SUPPLIED ENTRIES Block Start
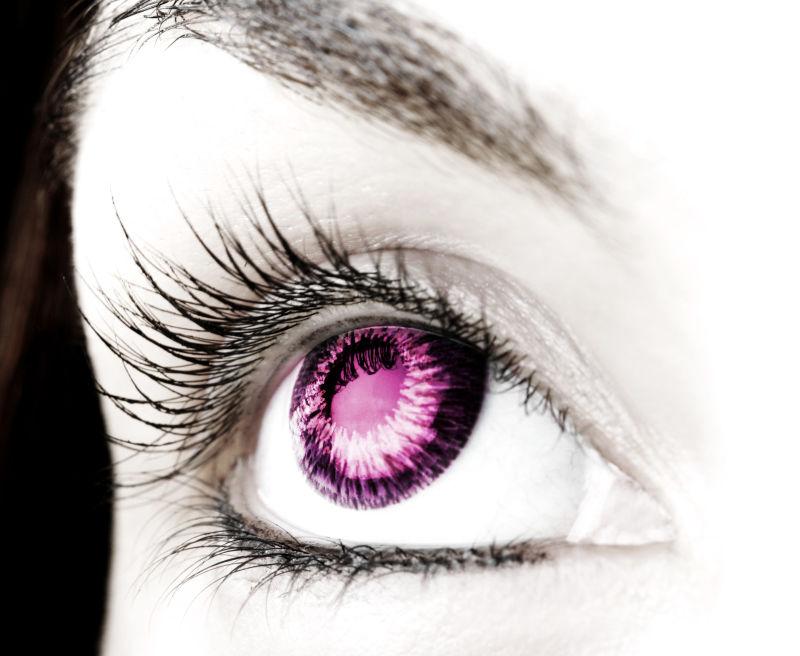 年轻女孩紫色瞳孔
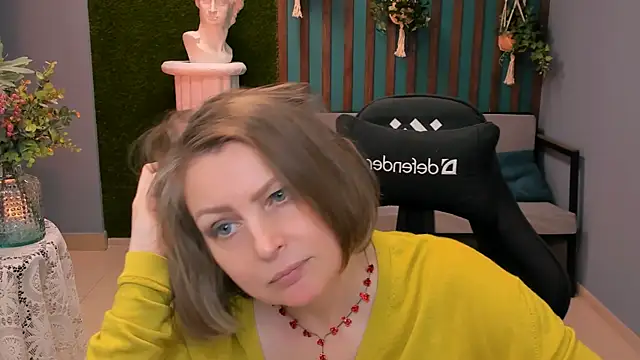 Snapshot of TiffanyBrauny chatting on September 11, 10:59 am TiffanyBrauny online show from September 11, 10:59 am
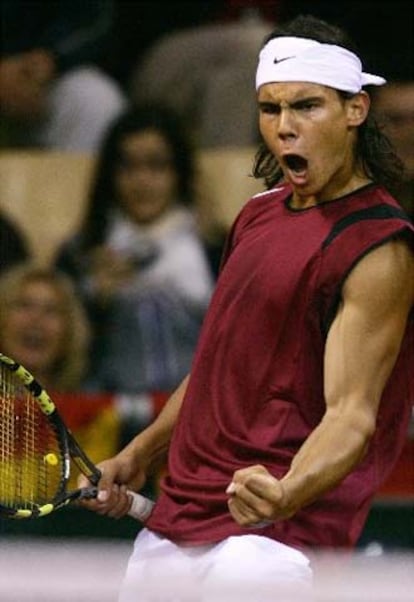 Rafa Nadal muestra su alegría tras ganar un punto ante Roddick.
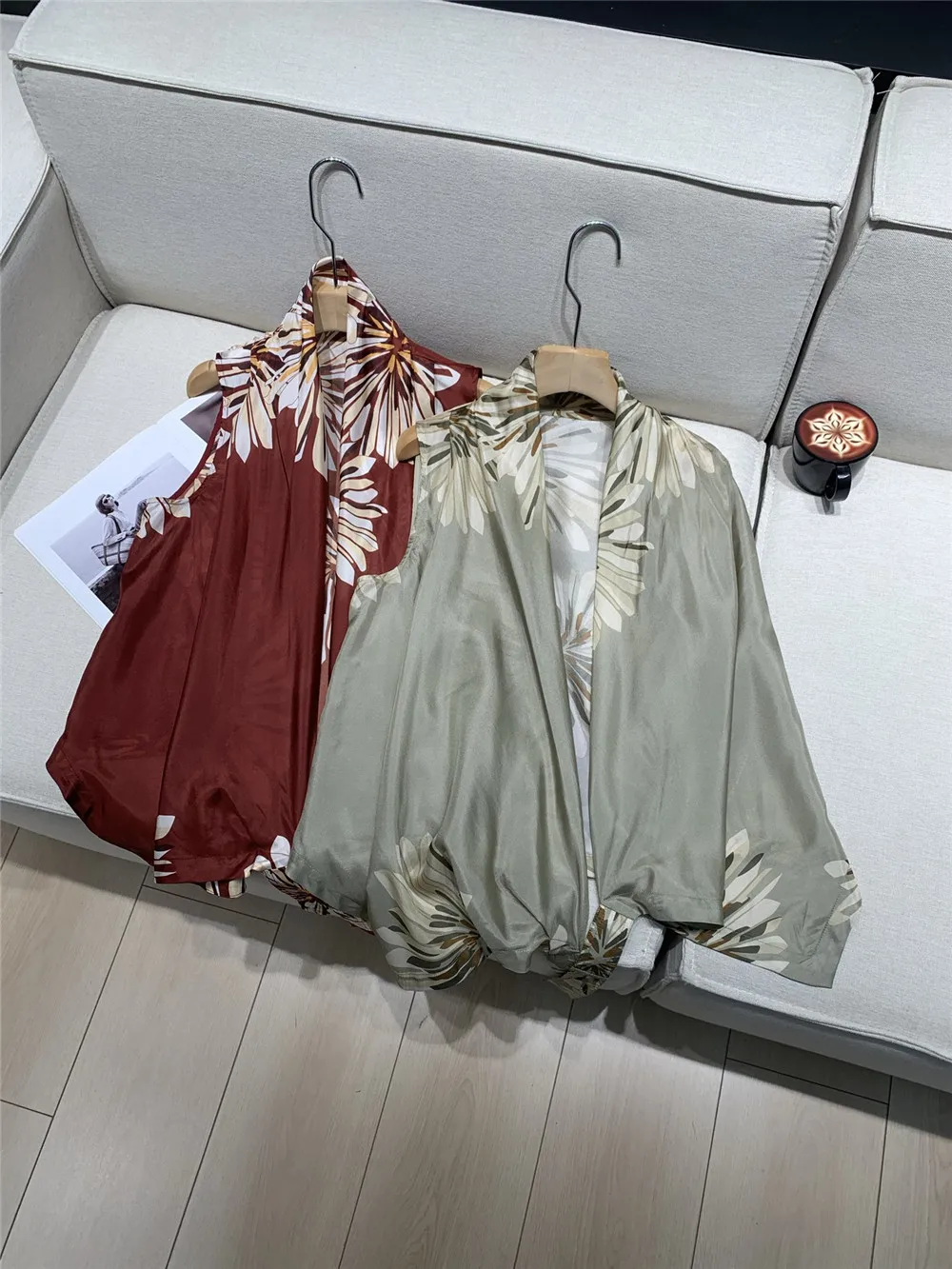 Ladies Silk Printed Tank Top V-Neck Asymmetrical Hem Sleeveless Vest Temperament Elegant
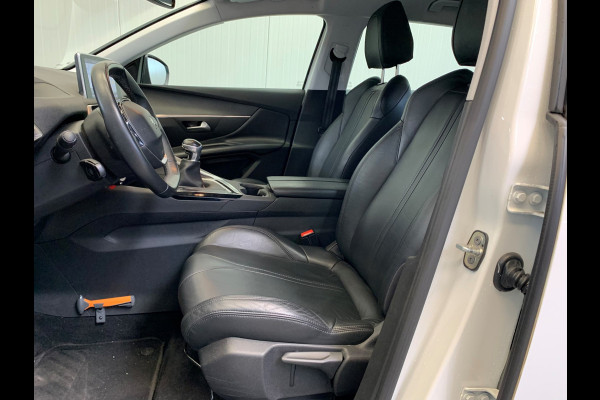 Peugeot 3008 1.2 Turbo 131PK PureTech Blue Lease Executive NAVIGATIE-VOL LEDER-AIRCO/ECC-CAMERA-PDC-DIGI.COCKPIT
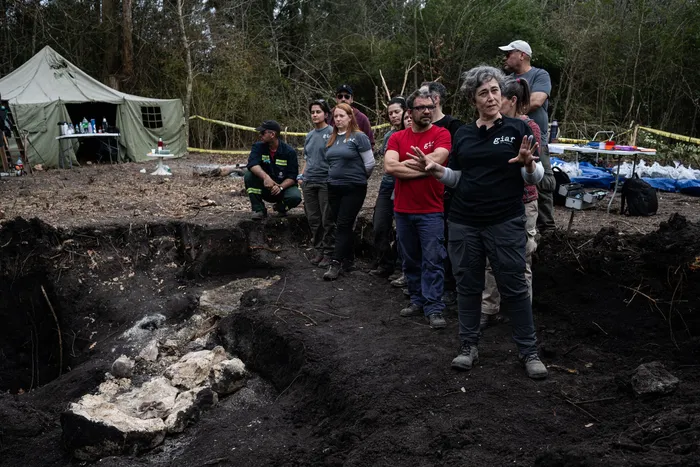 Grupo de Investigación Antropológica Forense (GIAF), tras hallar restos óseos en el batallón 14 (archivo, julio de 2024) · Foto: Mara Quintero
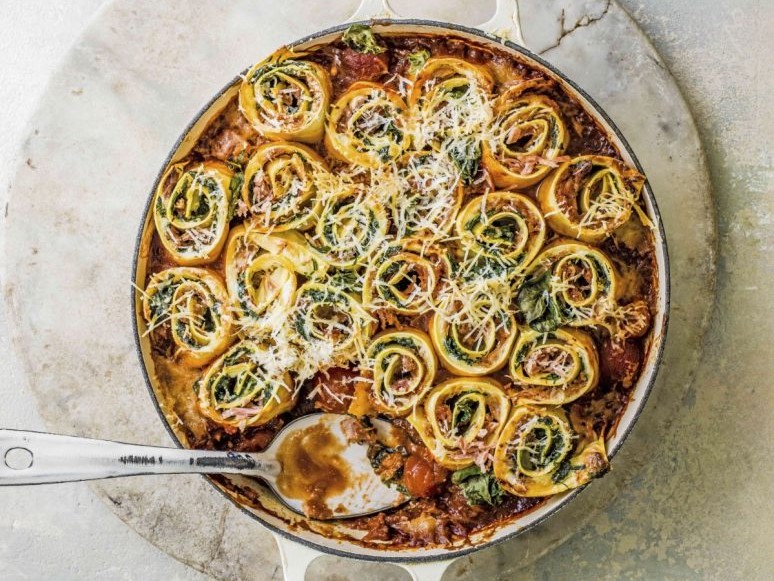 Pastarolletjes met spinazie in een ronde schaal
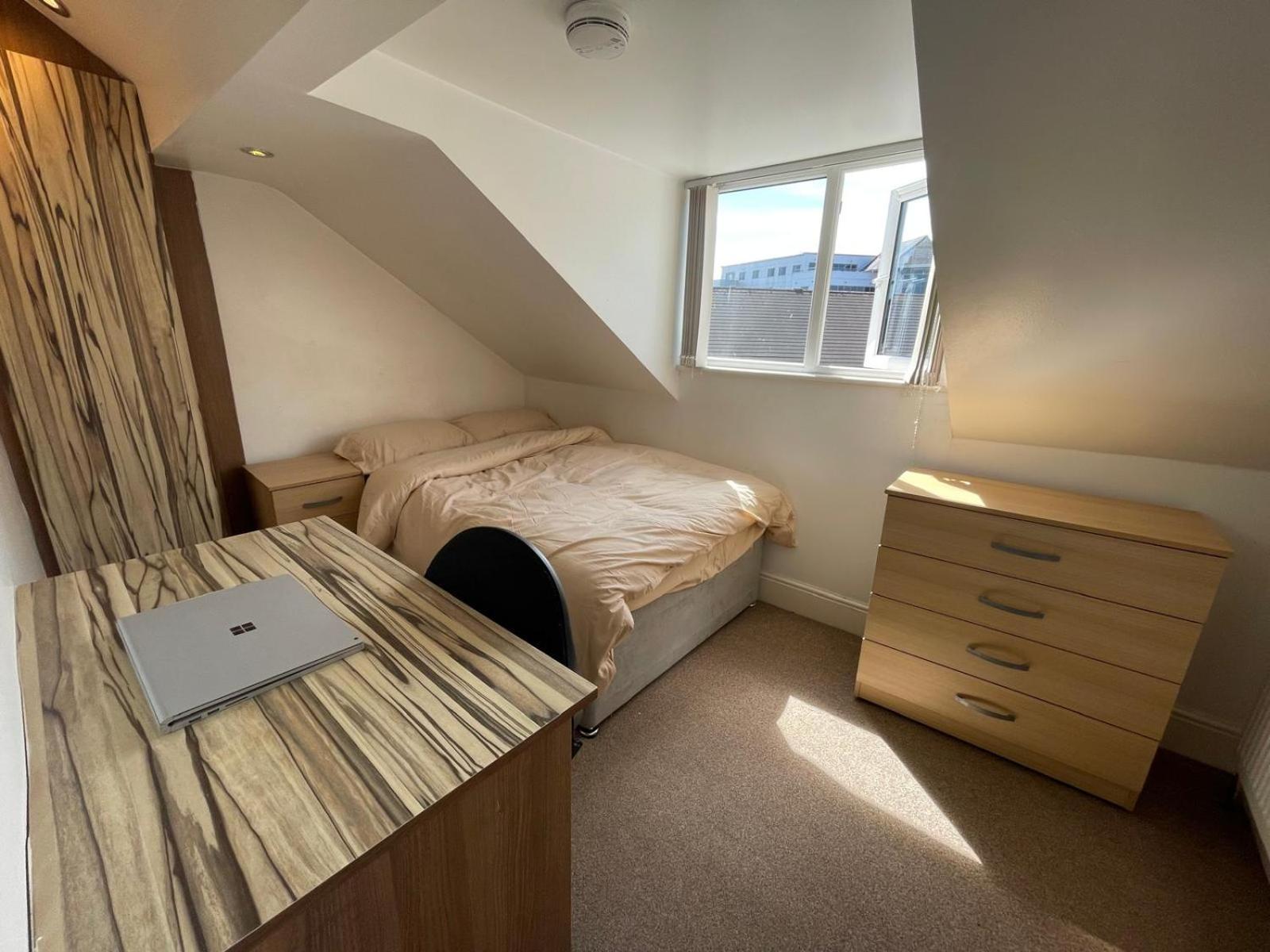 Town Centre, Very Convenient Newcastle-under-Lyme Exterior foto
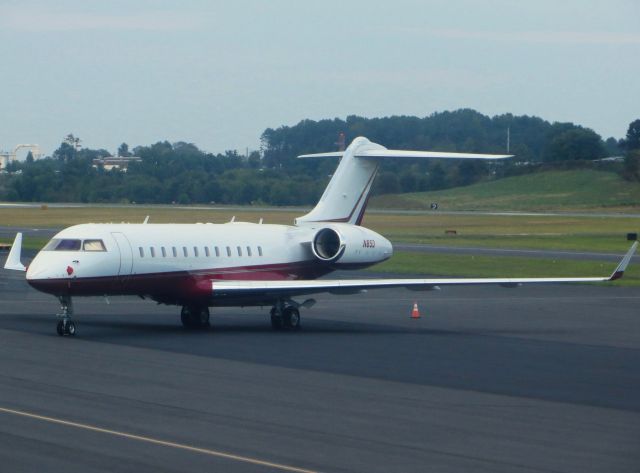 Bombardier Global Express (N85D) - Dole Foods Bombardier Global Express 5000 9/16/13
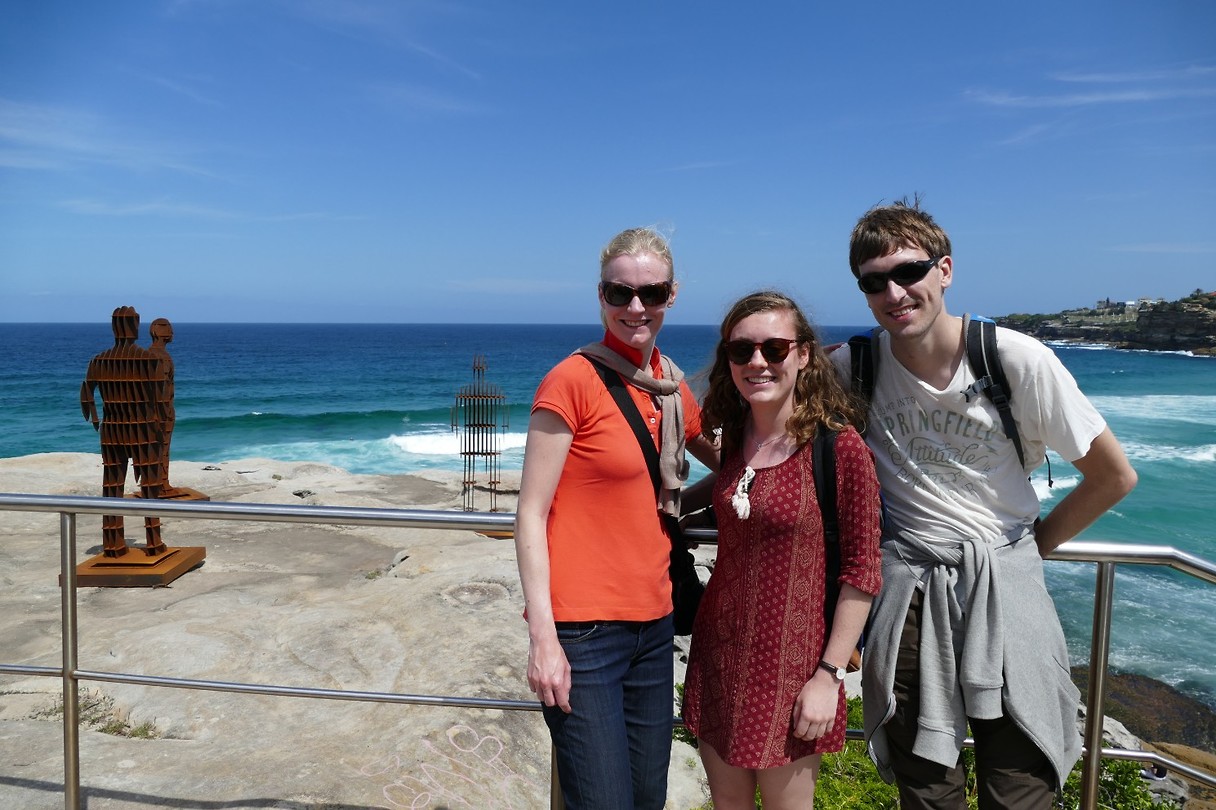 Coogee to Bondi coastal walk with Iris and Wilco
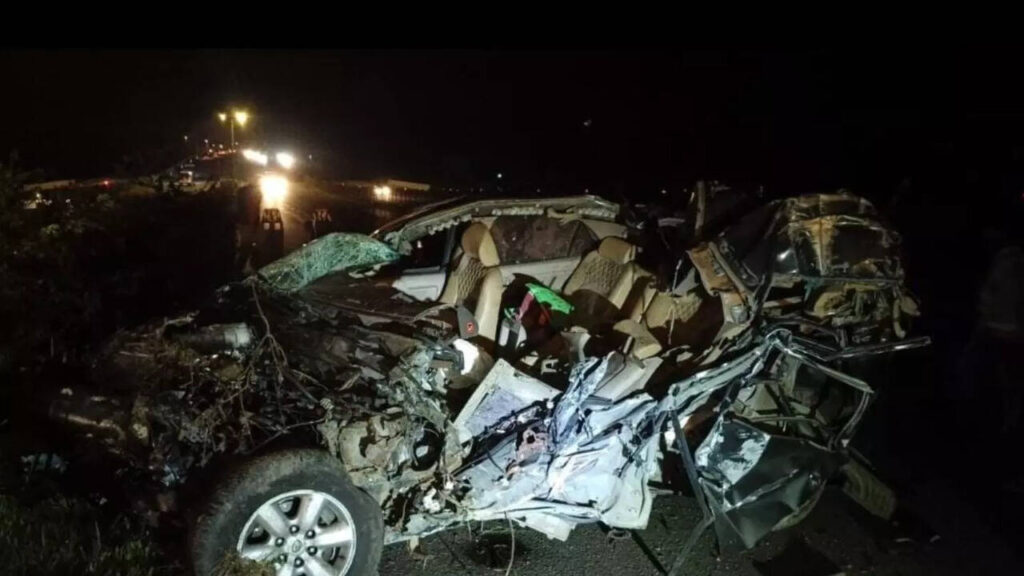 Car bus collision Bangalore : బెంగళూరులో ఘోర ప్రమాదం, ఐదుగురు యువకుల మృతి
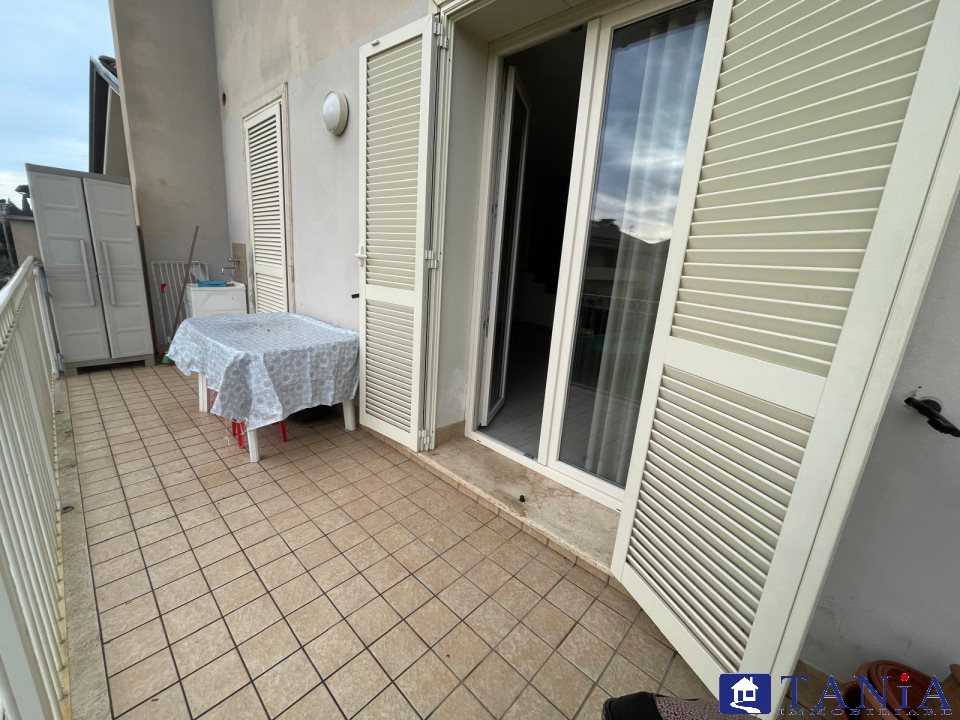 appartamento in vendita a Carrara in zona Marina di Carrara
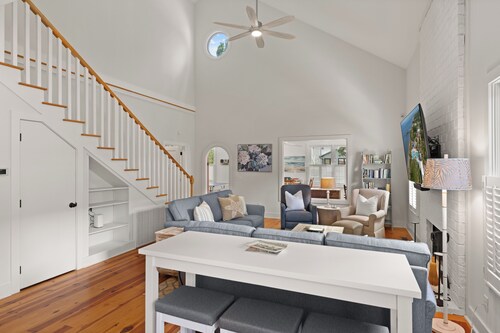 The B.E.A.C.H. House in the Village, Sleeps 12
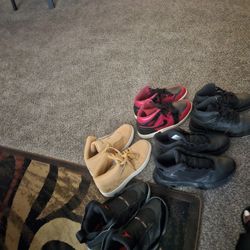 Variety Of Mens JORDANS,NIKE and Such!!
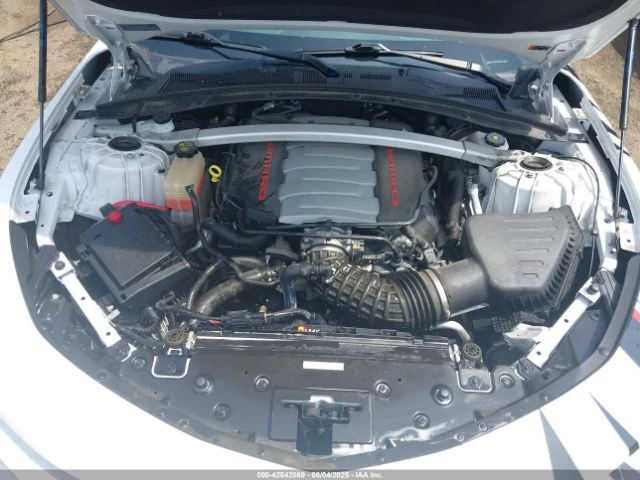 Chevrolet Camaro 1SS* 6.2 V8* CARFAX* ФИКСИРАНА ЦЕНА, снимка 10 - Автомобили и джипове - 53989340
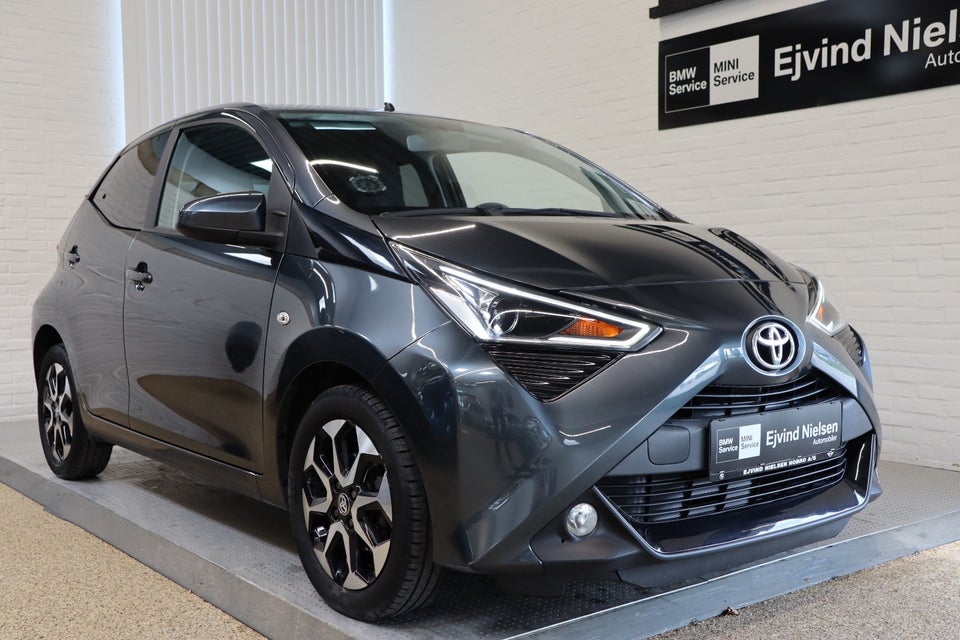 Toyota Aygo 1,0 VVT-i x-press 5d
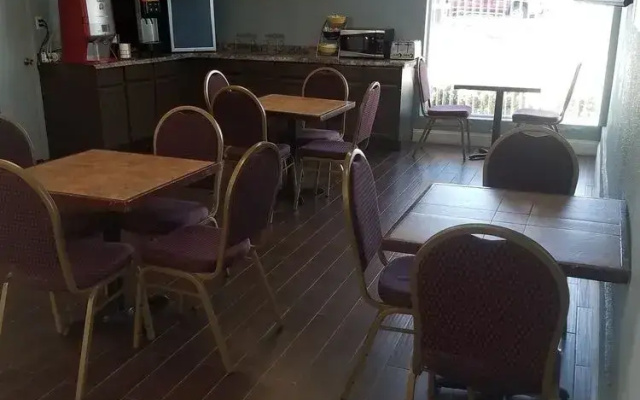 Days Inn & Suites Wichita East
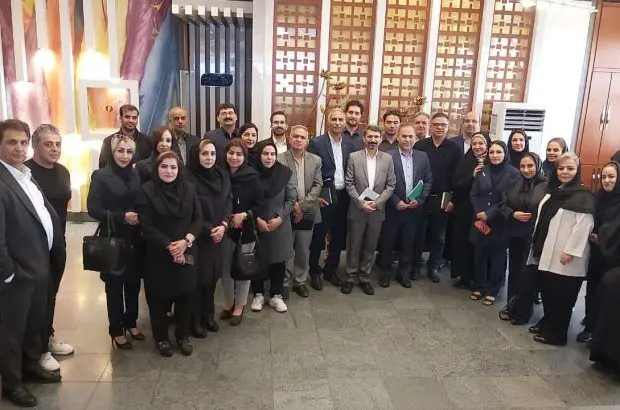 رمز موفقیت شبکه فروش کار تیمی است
SUPPLIED ENTRIES Block End
When you copy the records above, keep every word exact but leave out the pictures.

 年轻女孩紫色瞳孔
 Snapshot of TiffanyBrauny chatting on September 11, 10:59 am TiffanyBrauny online show from September 11, 10:59 am
 Rafa Nadal muestra su alegría tras ganar un punto ante Roddick.
 Ladies Silk Printed Tank Top V-Neck Asymmetrical Hem Sleeveless Vest Temperament Elegant
 Peugeot 3008 1.2 Turbo 131PK PureTech Blue Lease Executive NAVIGATIE-VOL LEDER-AIRCO/ECC-CAMERA-PDC-DIGI.COCKPIT
 Grupo de Investigación Antropológica Forense (GIAF), tras hallar restos óseos en el batallón 14 (archivo, julio de 2024) · Foto: Mara Quintero
 Pastarolletjes met spinazie in een ronde schaal
 Town Centre, Very Convenient Newcastle-under-Lyme Exterior foto
 Bombardier Global Express (N85D) - Dole Foods Bombardier Global Express 5000 9/16/13
 Coogee to Bondi coastal walk with Iris and Wilco
 Car bus collision Bangalore : బెంగళూరులో ఘోర ప్రమాదం, ఐదుగురు యువకుల మృతి
 appartamento in vendita a Carrara in zona Marina di Carrara
 The B.E.A.C.H. House in the Village, Sleeps 12
 Variety Of Mens JORDANS,NIKE and Such!!
 Chevrolet Camaro 1SS* 6.2 V8* CARFAX* ФИКСИРАНА ЦЕНА, снимка 10 - Автомобили и джипове - 53989340
 Toyota Aygo 1,0 VVT-i x-press 5d
 Days Inn & Suites Wichita East
 رمز موفقیت شبکه فروش کار تیمی است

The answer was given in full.